[[ Information provided, beginning ]]

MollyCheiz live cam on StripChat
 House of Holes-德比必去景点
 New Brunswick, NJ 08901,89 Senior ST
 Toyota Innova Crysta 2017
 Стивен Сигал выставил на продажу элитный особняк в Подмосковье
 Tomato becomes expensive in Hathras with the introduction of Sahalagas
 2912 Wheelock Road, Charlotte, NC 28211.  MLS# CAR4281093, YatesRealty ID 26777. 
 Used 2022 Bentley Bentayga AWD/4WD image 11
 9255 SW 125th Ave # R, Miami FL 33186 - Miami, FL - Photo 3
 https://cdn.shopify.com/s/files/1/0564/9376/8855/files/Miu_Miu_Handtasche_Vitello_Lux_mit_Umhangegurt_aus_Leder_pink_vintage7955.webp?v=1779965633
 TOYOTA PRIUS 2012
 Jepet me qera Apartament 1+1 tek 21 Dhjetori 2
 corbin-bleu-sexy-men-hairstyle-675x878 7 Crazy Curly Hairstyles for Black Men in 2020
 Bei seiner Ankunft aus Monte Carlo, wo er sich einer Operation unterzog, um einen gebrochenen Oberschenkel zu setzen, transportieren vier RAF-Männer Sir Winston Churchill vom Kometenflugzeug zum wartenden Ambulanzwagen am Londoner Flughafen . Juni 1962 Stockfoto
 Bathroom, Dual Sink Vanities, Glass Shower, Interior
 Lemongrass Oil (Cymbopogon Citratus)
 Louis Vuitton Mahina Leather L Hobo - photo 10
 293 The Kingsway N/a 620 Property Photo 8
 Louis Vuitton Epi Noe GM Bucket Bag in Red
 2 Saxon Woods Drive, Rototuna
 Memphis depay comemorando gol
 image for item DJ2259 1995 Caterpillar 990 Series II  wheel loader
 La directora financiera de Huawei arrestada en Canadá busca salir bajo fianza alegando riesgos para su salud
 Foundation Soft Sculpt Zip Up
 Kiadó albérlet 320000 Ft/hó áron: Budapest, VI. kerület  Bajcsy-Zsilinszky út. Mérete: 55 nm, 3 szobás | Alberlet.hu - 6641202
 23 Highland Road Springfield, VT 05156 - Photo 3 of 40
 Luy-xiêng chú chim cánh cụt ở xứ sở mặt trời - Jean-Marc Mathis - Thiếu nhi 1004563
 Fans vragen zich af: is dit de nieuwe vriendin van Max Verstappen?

[[ Information provided, end ]]

Task brief -
Retype each line above with no alterations.

Answer below -
MollyCheiz live cam on StripChat
 House of Holes-德比必去景点
 New Brunswick, NJ 08901,89 Senior ST
 Toyota Innova Crysta 2017
 Стивен Сигал выставил на продажу элитный особняк в Подмосковье
 Tomato becomes expensive in Hathras with the introduction of Sahalagas
 2912 Wheelock Road, Charlotte, NC 28211.  MLS# CAR4281093, YatesRealty ID 26777. 
 Used 2022 Bentley Bentayga AWD/4WD image 11
 9255 SW 125th Ave # R, Miami FL 33186 - Miami, FL - Photo 3
 https://cdn.shopify.com/s/files/1/0564/9376/8855/files/Miu_Miu_Handtasche_Vitello_Lux_mit_Umhangegurt_aus_Leder_pink_vintage7955.webp?v=1779965633
 TOYOTA PRIUS 2012
 Jepet me qera Apartament 1+1 tek 21 Dhjetori 2
 corbin-bleu-sexy-men-hairstyle-675x878 7 Crazy Curly Hairstyles for Black Men in 2020
 Bei seiner Ankunft aus Monte Carlo, wo er sich einer Operation unterzog, um einen gebrochenen Oberschenkel zu setzen, transportieren vier RAF-Männer Sir Winston Churchill vom Kometenflugzeug zum wartenden Ambulanzwagen am Londoner Flughafen . Juni 1962 Stockfoto
 Bathroom, Dual Sink Vanities, Glass Shower, Interior
 Lemongrass Oil (Cymbopogon Citratus)
 Louis Vuitton Mahina Leather L Hobo - photo 10
 293 The Kingsway N/a 620 Property Photo 8
 Louis Vuitton Epi Noe GM Bucket Bag in Red
 2 Saxon Woods Drive, Rototuna
 Memphis depay comemorando gol
 image for item DJ2259 1995 Caterpillar 990 Series II  wheel loader
 La directora financiera de Huawei arrestada en Canadá busca salir bajo fianza alegando riesgos para su salud
 Foundation Soft Sculpt Zip Up
 Kiadó albérlet 320000 Ft/hó áron: Budapest, VI. kerület  Bajcsy-Zsilinszky út. Mérete: 55 nm, 3 szobás | Alberlet.hu - 6641202
 23 Highland Road Springfield, VT 05156 - Photo 3 of 40
 Luy-xiêng chú chim cánh cụt ở xứ sở mặt trời - Jean-Marc Mathis - Thiếu nhi 1004563
 Fans vragen zich af: is dit de nieuwe vriendin van Max Verstappen?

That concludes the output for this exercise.